レガに忠実な狼・ヴィアは移動する間に一行の最後尾にいて、ひっそりと姿を消そうとしていた。だがその動きはマリアがしっかりと観察していた。
「素敵なワンちゃん、アタシと遊びましょ?」
人好きのする笑顔で呼びかけた後は、斧槍をその手に。
「狼であろうと俺は区別しない。‥‥さぁ、戦<や>ろうか」
魔法書を手にしたジョンが先に動き、空中から時計の針のような紅い槍をヴィアに向かって撃ち込んだ。だが、身の低い狼にこれは躱される。
「止まれよ、オラァッ!」
一変して男気を剥き出しにしたマリアの石縛風が続けて襲う。‥‥が、なんと相手はこれも躱してしまった。
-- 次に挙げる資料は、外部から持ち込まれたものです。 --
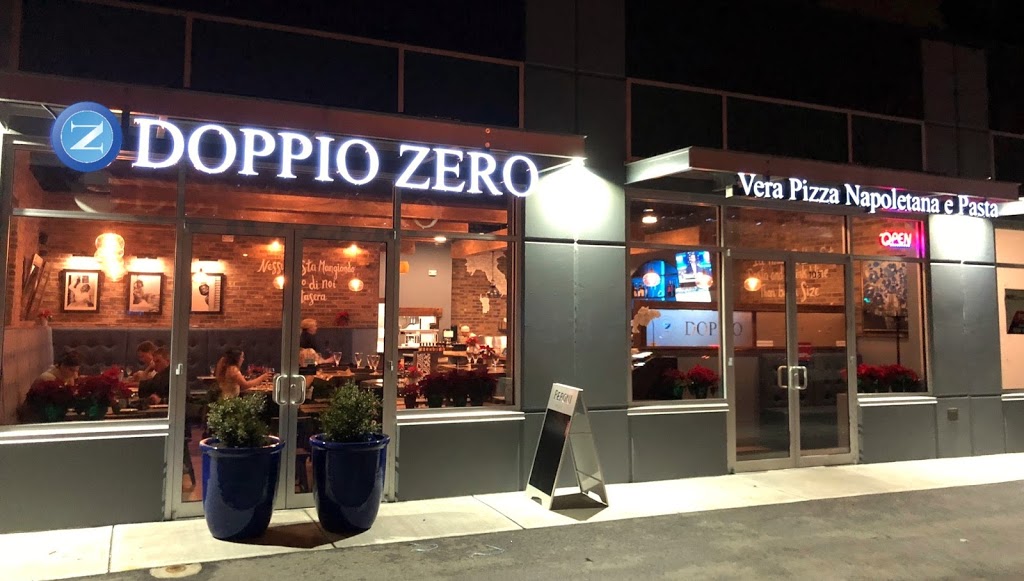 Doppio Zero Pizza - Vera Pizza Napoletana e Pasta | 1655 Como Lake Ave, Coquitlam, BC V3J 3P7, Canada | Phone: (778) 355-5333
ヴィアは唸り声を上げ、二人に向かって突進してきた。直前で地を蹴り飛ぶと、マリアの左肩、ジョンの右足を前脚の鋭い爪で立て続けに切りつけて後方へ抜ける。
「‥‥どこへ行った」
二人が振り返ったとき、すでにその場にヴィアの姿はなかった。
「‥‥あ う お」
ヴィアに投げつけてやろうと酒瓶を探っていた絳輝だったが、あっという間にそんな状況ではなくなってしまった。
「農地についてからって言ったろーが!」
「ふん。悪いが我慢がきかなかったよ」
レガに抗議してみるが、相手はもちろん涼しい顔だ。
赤薔薇はやりとりを耳にしながらも、油断なくレガの姿を捉えていた。小柄な体に不釣り合いなほどの大鎌を構えながら、レガの周りを回るようにして動く。柔らかく馴らされた農地へと足が入っても、動きは止めない。
「足を止めたらダメ! 止めたらやられる!」
対角線の向こうで、樹が自分と反対方向に動いている。
一瞬だけ、目があった。
意図を察するにはそれで十分。赤薔薇は精神を集中させながら、レガの側面から後方へと。途中から切り込む動きへ変えていく。
「受けて見ろ‥‥悪魔め!」
灼熱の炎が彼女の両掌に浮かび上がる。それは胸元で合わさって一つの巨大な火球となって飛び出し、舗装路を這うように舐めながらレガを呑み込もうとした。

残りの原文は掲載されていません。